Can NHL player performance metrics help predict Salary?

11 min readOct 4, 2018

Every summer, we usually end up with a few players (some considered high-end talent) who are still without a contract coming into a new season. There is often a stalemate between owners/General Managers (GMs) and a given player. Neither side tends to want to budge on their side of the fence: The player wants more, but the organisation wants to pay less. Along with the NFL and NBA, the NHL finds itself in a cap-dominated market, to which only a certain amount of money is allowed to be spent by each team and for each owner/GM it is like fitting a jigsaw puzzle together, trying to balance the books, but also make the team competitive. “The cap” was introduced for the 2005–2006 season and was set at $39 million (US used here) and it has steadily* increased every year where today (2018–2019) it is set at $79.5 million. Furthermore, player salaries have overall increased during this time, where high-end players set the benchmark for the top-end salaries, whilst the others in the pack gladly follow behind, picking up an inflated pay-cheque. Hence, it is in the interest of the players that the high-end players set the mark.

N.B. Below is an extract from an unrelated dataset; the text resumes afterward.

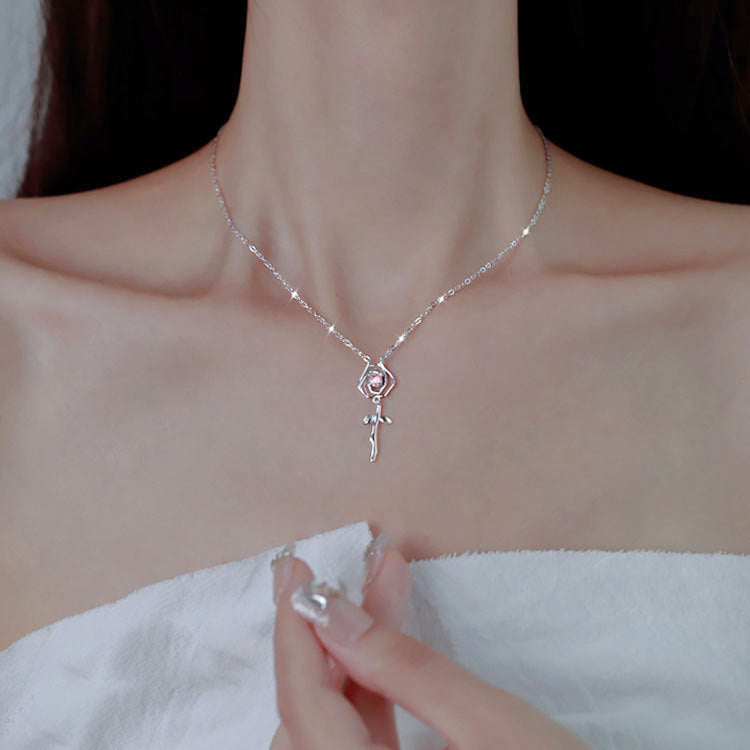 925 silver pink zircon rose flower pendant necklace Set of 5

I have often wondered “what sets the market value?” Is it hockey performance alone that sets the bar? In this project, I have devised a tool that will help owners and GMs analyse the market in order to be able to ascertain player value given previous player performance. Furthermore, it is not only of the interest of the owners, GMs, and players, it is also in the interest of other parties, such as; sponsors, agents, and of course the fans. Whilst this project would have liked to explored all types of players, goalies have been omitted as their metrics are very different from skaters and would be a project on itself. As there are more skaters than goalies, there is more data, and it only makes sense to start with them.

Player metrics and data

Traditionally, hockey players have been merited on basic statistical features, including, Goals, Assists, Points (Goals + Assists), and Plus-Minus (the difference between goals scored for and against whilst on the ice). However, since 2008 a more sophisticated set of tools has been made available by various parties that look more into the detail of how players perform in terms of possession; Corsi: Shots for vs against whilst on the ice, Rel Corsi: how your team compares when a player is not on the ice, CF QoC: The level of competition a player faces, TOI metrics: Time on Ice parameters, ZS: which zone a player is most likely to start their shift in, and many more. I decided to best put to use a combination of traditional and advanced metrics. I collected these data from two sites (www.corsica-hockey.com and www.hockey-reference.com). The former’s data is obtainable via downloadable csv files, whilst the latter I scraped using Python’s Beautifulsoup library. Each player who has played in the NHL since 2008 — present was collected. I also needed financial data about each player’s’ salary for each year they have played and this was obtained from www.capfriendly.com using beautifulsoup. There was a fair bit of data cleaning needed due to missing entries, but overall, I had close to 2000 NHL players spanning 11 years and just over 9000 rows of usable data. It should be noted that only data where teams played at “even-strength” were considered. This is a fairer method of measurement compared to when one team is, for example, on the Power Play and has a distinct advantage.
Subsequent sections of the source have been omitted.